Friday, August 8, 2003

Into the Breach

Well, my beloved darlings, in a couple of hours I will be leaving my urban utopia for three days. One of the Grandmother's multitudinous nieces has, on a total lark, thrown together a family reunion in order to celebrate the Grandmother's eighty-fifth birthday (which I may have neglected to mention was last Saturday).



The event, which is not centered and aimed at Grandmother and her milestone birthday, which would make her terrifyingly uncomfortable, is being called "Thanksgiving in August." The event, which will draw an attendance of anywhere from fifty to eighty adults (many of whom are spawning at such terrific speed that it doesn't pay to count the children), is being held in the delightful town of Redding, CA. The event, to which Grandmother has been looking forward all summer, and for which she has already bought new clothes, toiletries, and luggage, will test my skills to the utmost... how to interact with a truckload of kindhearted but no less Gothic Christians who chat about Being Washed in the Blood of the Lamb with all the casual sincerity that I discuss art and fashion; how to be in a room filled with small children without kicking out at them (though in my previous experience they have all been remarkably well-behaved children, there's something about children's voices that get on my last gay nerve after about an hour); how to not call undue attention to my rather obvious homosexuality, thereby eliciting well-meant but unwanted concern about my Immortal Soul and my serostatus, without actually going so far as to hide it (for example, yesterday I got my nails done as short as my manicurist could stand to make them); how to live through a whole day called "Thanksgiving in August" without going so far off my diet as to undo all the work I've done this summer (I am one pound over two hundred, and I want to keep going down, not start going back up); how to go about the business of living in a hot rural environment around a lot of people without going stark staring mad.



Oh, well... so far I've simply been practicing detachment about this event.
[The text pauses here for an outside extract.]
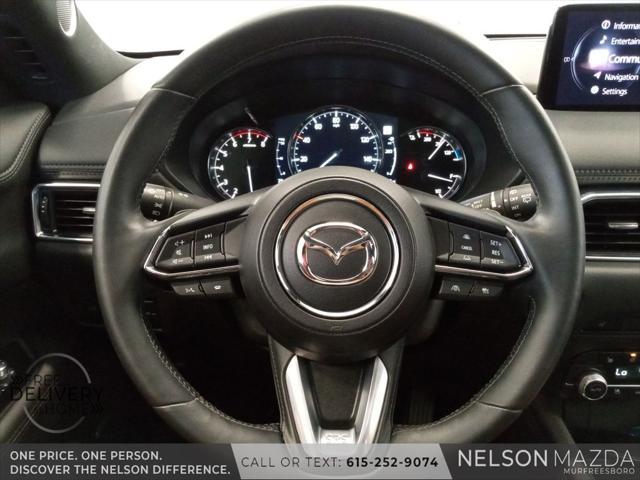 used 2022 Mazda CX-5 car, priced at $29,990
When I was talking to Daddy the other day, he was trying to get information from me about how many people are going up in my car, what time we are leaving, and so on and so forth. I told him I had no idea, "I'm just going to do as I'm told and go when I'm told to go, wherever that might be." That makes it difficult to plan around, but it also makes none of it my fault. In my sick little mind, fault is a very important factor in my ability to get through these little things.



The whole thing is therefore Grandmother's fault, and it's easier to forgive her for bad planning than to forgive myself. So she told me that I am taking Daddy and Matthew (my nephew) in my car, and we're leaving at 10 am; Grandmother and my cousin Jessie are going with my Uncle, whose wife and sister are going together in his wife's car; my sister drove up in the middle of last night (assumedly) because she wanted to drive when it was cool out, and my cousin Jamie and her husband are coming up separately in different cars. I think we're all meeting for lunch somewhere halfway up, so even the speed at which I drive isn't going to be my choosing, I'll just follow my uncle the cop at whatever terrifying breakneck speed he adopts (Grandmother would never think to complain that he is driving fifteen mph over the speed limit... I bet she never even looks at his spedometer)



Sometimes I wish I didn't have so much family. They can be awfully wearing on a person. But then, if I was one of those dispossessed guys I always envy, the people who get to spend Thanksgiving and Christmas with their friends or at the movies, I would envy people like me who have inescapable and overwhelming family obligations. It's the nature of man to envy that which is other than what he has.



Still, it will be nice to get away from the daily rounds, to breathe a different air and shake up my bland complacence. And a weekend in Redding will make me enjoy being back at work next week so much more.



In the meantime, I hope you have a super lovely weekend. Kisses!